Tuesday, October 15, 2013

The Federal Budget Process 101



The federal budget process, and the debt ceiling, explained in relatively simple terms.

The Independent Report strives to be independent and apolitical in reporting on the U.S. economy. The focus is typically on the Federal Reserve's monetary policy, inflation, interest rates, unemployment, the housing market and the energy markets.

But another area of focus is fiscal policy: federal spending, revenues and deficits. It is impossible, inconceivable or, at the least, irresponsible to ignore the nearly $17 trillion national debt.

The level of dysfunction in Washington has angered most Americans and it has dismayed other governments around the world, particularly our trading partners and the holders of our debt. With the current melodrama playing out in DC, a review the federal budget process is in order. Think of it as "Federal Budget Process 101."

There is a lot of finger-pointing going on right now, but many Americans do not understand how the budget process works. Thanks to the Center on Budget and Policy Priorities for laying out the broad strokes.

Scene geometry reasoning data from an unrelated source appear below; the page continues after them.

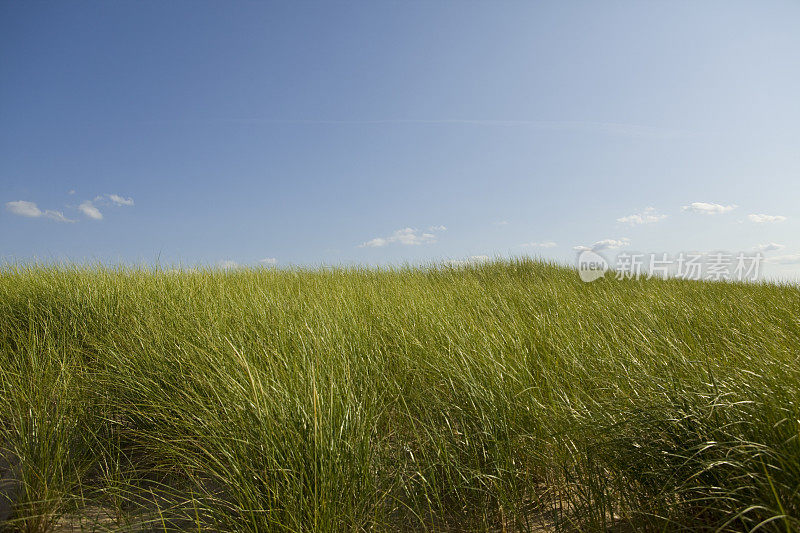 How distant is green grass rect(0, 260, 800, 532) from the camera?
60.4 inches

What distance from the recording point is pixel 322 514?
58.9 inches

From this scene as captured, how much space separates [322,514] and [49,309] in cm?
366

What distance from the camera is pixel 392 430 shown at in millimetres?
2240

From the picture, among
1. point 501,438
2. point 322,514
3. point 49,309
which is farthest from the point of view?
point 49,309

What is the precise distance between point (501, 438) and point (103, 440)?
2218 mm

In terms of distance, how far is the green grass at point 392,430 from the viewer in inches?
60.4

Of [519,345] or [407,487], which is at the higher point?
[519,345]

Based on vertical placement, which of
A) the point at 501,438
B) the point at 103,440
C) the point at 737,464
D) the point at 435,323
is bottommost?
the point at 103,440

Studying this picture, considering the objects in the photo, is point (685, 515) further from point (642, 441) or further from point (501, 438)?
point (501, 438)

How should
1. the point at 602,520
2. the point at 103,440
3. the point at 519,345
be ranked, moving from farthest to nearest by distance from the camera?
the point at 519,345, the point at 103,440, the point at 602,520

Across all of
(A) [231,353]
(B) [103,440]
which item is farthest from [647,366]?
(B) [103,440]

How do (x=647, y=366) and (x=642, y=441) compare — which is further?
(x=647, y=366)

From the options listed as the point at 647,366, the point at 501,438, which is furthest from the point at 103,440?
the point at 647,366

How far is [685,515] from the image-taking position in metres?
1.53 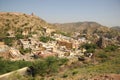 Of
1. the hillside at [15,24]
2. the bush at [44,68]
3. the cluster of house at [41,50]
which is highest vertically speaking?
the hillside at [15,24]

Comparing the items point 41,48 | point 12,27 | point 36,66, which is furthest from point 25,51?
point 12,27

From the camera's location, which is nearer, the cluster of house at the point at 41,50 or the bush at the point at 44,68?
the bush at the point at 44,68

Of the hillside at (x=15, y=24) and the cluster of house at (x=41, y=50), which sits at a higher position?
the hillside at (x=15, y=24)

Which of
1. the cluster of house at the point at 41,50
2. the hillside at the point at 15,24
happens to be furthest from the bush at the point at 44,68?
the hillside at the point at 15,24

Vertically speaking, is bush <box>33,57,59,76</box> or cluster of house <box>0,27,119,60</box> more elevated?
bush <box>33,57,59,76</box>

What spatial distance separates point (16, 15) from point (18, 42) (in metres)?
35.7

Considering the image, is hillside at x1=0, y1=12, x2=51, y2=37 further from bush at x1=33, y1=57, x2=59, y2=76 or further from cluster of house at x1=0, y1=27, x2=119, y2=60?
bush at x1=33, y1=57, x2=59, y2=76

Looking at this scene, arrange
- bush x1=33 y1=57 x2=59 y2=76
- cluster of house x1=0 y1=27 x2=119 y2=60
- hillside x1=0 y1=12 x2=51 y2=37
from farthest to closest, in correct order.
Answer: hillside x1=0 y1=12 x2=51 y2=37, cluster of house x1=0 y1=27 x2=119 y2=60, bush x1=33 y1=57 x2=59 y2=76

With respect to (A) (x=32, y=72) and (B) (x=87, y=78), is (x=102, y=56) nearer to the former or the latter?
(A) (x=32, y=72)

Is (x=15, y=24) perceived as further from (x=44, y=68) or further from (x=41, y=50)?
(x=44, y=68)

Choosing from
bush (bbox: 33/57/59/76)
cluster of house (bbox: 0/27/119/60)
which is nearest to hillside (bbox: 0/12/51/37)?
cluster of house (bbox: 0/27/119/60)

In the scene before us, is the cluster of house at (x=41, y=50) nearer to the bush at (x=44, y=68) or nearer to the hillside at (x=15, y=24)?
the bush at (x=44, y=68)

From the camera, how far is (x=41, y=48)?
52.6 metres

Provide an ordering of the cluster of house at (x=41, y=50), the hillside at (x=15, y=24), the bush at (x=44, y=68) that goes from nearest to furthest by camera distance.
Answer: the bush at (x=44, y=68) < the cluster of house at (x=41, y=50) < the hillside at (x=15, y=24) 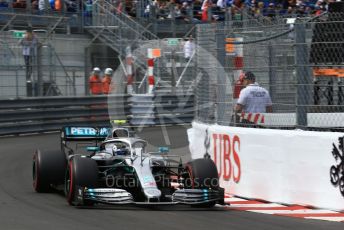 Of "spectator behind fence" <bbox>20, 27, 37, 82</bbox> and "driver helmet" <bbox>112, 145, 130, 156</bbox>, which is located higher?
"spectator behind fence" <bbox>20, 27, 37, 82</bbox>

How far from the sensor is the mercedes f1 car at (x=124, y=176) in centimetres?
912

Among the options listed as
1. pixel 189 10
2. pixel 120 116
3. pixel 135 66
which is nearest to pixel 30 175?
pixel 120 116

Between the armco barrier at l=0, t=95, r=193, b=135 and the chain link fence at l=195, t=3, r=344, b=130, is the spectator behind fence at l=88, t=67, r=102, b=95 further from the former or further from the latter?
the chain link fence at l=195, t=3, r=344, b=130

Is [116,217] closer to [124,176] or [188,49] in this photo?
Result: [124,176]

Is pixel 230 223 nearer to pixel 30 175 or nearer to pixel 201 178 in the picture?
pixel 201 178

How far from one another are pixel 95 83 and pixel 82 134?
10791 millimetres

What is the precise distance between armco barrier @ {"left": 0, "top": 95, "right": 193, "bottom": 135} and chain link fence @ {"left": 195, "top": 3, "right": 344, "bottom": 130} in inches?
362

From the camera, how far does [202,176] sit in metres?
9.62

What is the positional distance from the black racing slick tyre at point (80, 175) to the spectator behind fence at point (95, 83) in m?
12.5

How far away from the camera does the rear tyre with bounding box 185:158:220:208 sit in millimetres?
9594

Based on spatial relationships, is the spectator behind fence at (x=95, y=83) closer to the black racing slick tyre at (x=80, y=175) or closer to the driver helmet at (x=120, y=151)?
the driver helmet at (x=120, y=151)

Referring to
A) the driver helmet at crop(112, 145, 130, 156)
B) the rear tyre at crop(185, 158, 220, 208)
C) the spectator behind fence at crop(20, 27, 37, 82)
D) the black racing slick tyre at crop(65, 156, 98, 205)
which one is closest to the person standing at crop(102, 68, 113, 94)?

The Congressional Budget Act of 1974 is the template for Congressional tax and spending legislation. Under the Budget Act, each year Congress is required to develop a "budget resolution" that sets aggregate limits on spending and targets for federal revenue.

The President's annual budget request kicks off the budget process. On or before the first Monday in February, the President submits to Congress a detailed budget request for the coming federal fiscal year, which begins on October 1. This budget request is developed by the President's Office of Management and Budget (OMB).

The President's proposed budget provides Congress with a recommendation for overall federal fiscal policy, including: total federal spending, how much revenue the government should collect, and how much of a deficit (or surplus) the federal government should run — which is simply the difference between spending and revenue. Cumulative, yearly deficits add to the overall national debt.

The President's budget is very specific, laying out recommended funding levels for all individual federal programs. The proposed budget typically outlines fiscal policy and budget priorities not only for the coming year, but for the next five years, or more. It is also accompanied by historical tables that illustrate past budget figures.

Nearly all of the federal tax code is set in permanent law and does not expire. Similarly, more than one-half of federal spending — including the three largest entitlement programs (Medicare, Medicaid and Social Security) — is also permanently enacted. Additionally, interest paid on the national debt is also paid automatically, with no need for specific legislation.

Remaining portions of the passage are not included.